___ EXERCISE MATERIAL ___

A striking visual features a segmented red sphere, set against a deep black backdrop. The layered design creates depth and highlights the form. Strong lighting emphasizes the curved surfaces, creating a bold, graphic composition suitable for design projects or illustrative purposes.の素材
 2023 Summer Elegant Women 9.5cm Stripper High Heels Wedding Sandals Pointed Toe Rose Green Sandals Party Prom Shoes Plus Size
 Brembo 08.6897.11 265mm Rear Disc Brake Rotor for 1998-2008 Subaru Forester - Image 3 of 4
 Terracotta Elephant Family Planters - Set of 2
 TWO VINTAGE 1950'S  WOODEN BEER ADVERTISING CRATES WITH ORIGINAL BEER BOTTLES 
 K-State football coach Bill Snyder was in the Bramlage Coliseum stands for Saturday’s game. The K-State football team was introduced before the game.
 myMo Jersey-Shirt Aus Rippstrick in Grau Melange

___

Start at the line containing "Terracotta Elephant Family" and copy each line through the last one in the records, exactly and with nothing added.

 Terracotta Elephant Family Planters - Set of 2
 TWO VINTAGE 1950'S  WOODEN BEER ADVERTISING CRATES WITH ORIGINAL BEER BOTTLES 
 K-State football coach Bill Snyder was in the Bramlage Coliseum stands for Saturday’s game. The K-State football team was introduced before the game.
 myMo Jersey-Shirt Aus Rippstrick in Grau Melange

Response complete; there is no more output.